|Traffic just took a nose dive to 0|
Results 1 - 21 of about 5,510,000 from site:mydomain.com
I have a site that is about 6 years old. It does have over 5 milion dynamically generated pages. It was a "build it 'cause I can" kind of site when it was first built and I didn't really pay attention to it for the first few years. A few years ago I tweaked it a little and the result was that Google indexed close to 100K pages the resulting traffic was great.
Sometime within the last few weeks my Google traffic went down to 0 and when I did a site: search on my domain I noticed that it only had 21 pages available in the result but it now reports over 5 milion pages indexed. I liked it much better when I had 100k pages indexed but they were all available in the result.
Question: What is goin on here? Should I expect Google to shortly be listing my 5 milion pages? Or will the 5 milion+ drop down to 21?
Not enough info to know.
But from the sound of it, a bit of housekeeping would do you and the web a favour.
Check your navigation; use robots.txt to avoid the same pages being listed several times, etc.
A feature of dynamic sites that I've noticed before is that once a filter is triggered, items that were borderline that never hurt before, often start hurting.
If you can find a fault and fix it, great. If not, fix everything that MIGHT need fixing!
BTW - check your server; if there's been several or long downtimes, it may just be that.
You posted a couple weeks ago that Goo contacted you about adsense violations.

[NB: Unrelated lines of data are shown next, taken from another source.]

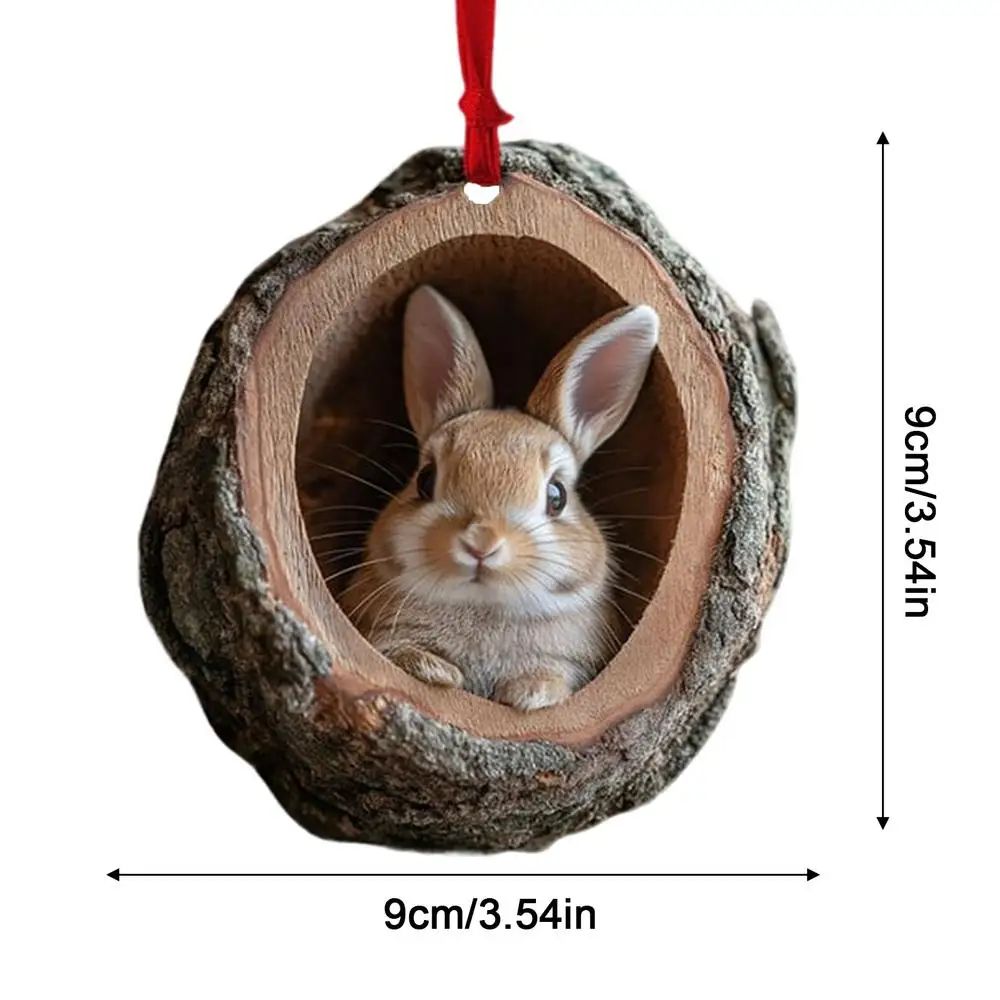 Woodland Animal acrylic Christmas ornament 2D Pendant - Raccoon, Owl, Squirrel, Bunny & Bird Tree Decor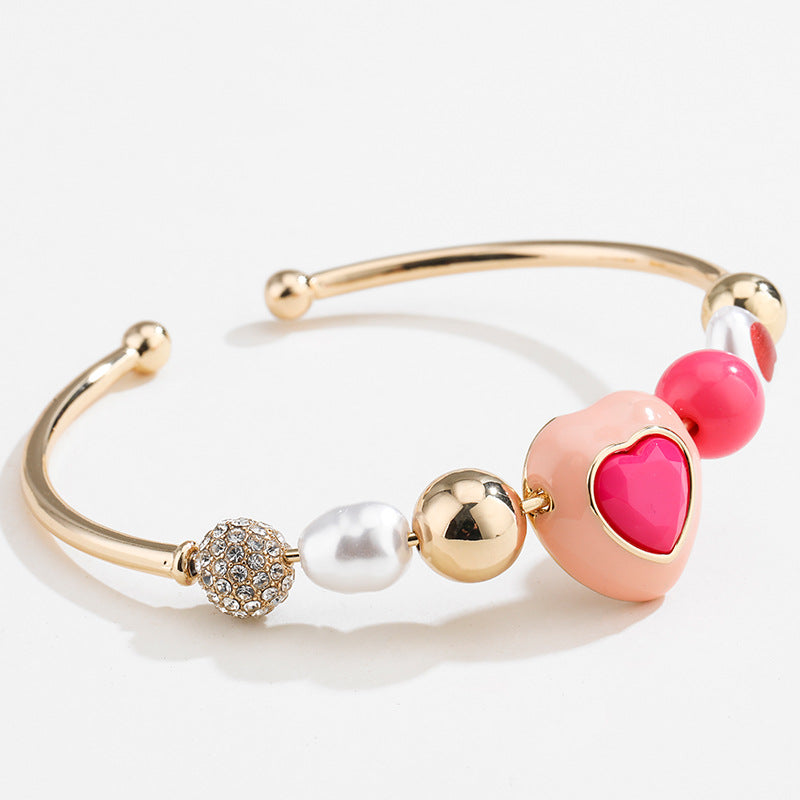 Fashion Original Design Heart Peach Pearl Combination Bracelet Suit - view 2
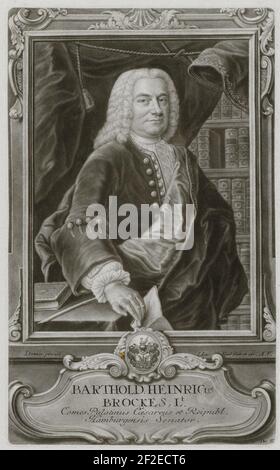 Bildnis von Barthold Heinrich Brockes. Stockfoto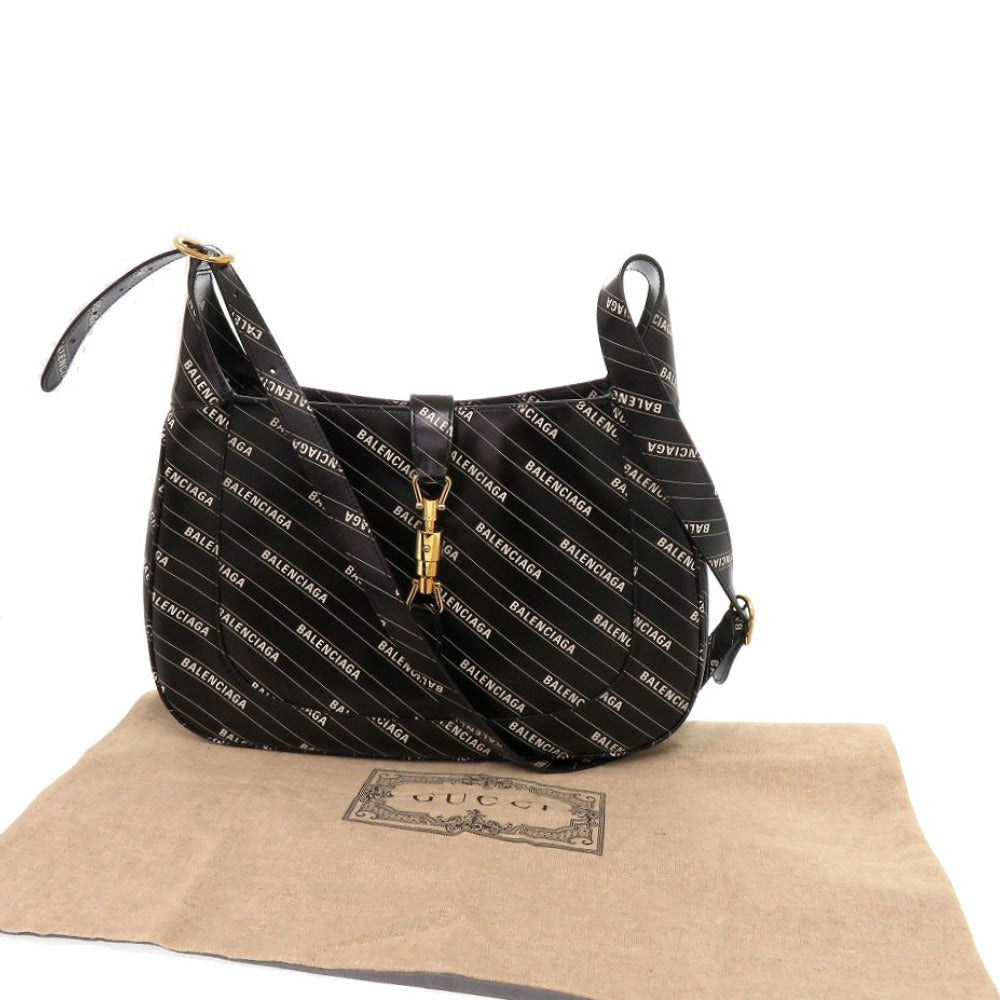GUCCI Shoulder Bag 636712 leather black The Hacker Project Balenciaga Collaboration Jackie 1961 Women Used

Is this the same site you are now talking about?
Maybe a connection?
|Is this the same site you are now talking about? |
No it's not the same site.
|if there's been several or long downtimes |
|If you can find a fault and fix it, great. |
I'm of the philosophy of "if it aint broke... don't fix it!" However, when it comes to an ever mutating algo... you might be right. Even if it hasn't been broke for years, G may have changed some variable in the last update. I'm a little scared to mess with it though... what if G isnt done updating? It has been nice to have 100k pages indexed and the traffic that came with that.

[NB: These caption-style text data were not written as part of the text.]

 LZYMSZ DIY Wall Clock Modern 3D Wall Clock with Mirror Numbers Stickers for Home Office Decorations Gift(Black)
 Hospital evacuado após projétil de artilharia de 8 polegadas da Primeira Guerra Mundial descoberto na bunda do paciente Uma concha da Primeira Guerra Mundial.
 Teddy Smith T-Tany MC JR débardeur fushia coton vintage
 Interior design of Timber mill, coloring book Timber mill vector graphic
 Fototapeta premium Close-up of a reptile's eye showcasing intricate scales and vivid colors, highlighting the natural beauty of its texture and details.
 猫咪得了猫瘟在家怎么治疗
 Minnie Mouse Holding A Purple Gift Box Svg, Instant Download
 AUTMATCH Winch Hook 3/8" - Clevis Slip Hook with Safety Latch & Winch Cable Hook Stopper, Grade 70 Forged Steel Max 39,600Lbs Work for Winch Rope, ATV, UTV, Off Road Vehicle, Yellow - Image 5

UPDATE: yesterday my site was back on G again with 111K pages.... this morning its back down to 21 pages.
>> over 5 milion dynamically generated pages.
without knowing more about the site: I think this is the key problem. Google might not like the "5 million" and the "dynamically generated" part.
I understand the phylosophy of the log tail, but
5,000,000 dynamic pages,, where does all the content come from
I was reading a lot off post from people talking about their 100,000 500,000 1,000,000 etc etc page sites a while ago, an it always get me wondering,,
Will google/msn/yahoo always tolerate such sites or are they
going to develop algo to explicitly exclude such sites
Don't get me wrong, I am all for people doing their own thing, i just wonder at the dynamics off it all
Some sour grapes on my part too :-)
In my sector, a couple of giant sites have so many pages indexed, an all pages ranking so heavily, dat my sites can hardly breathe
So, I am not exactly rooting for these million pagers :-)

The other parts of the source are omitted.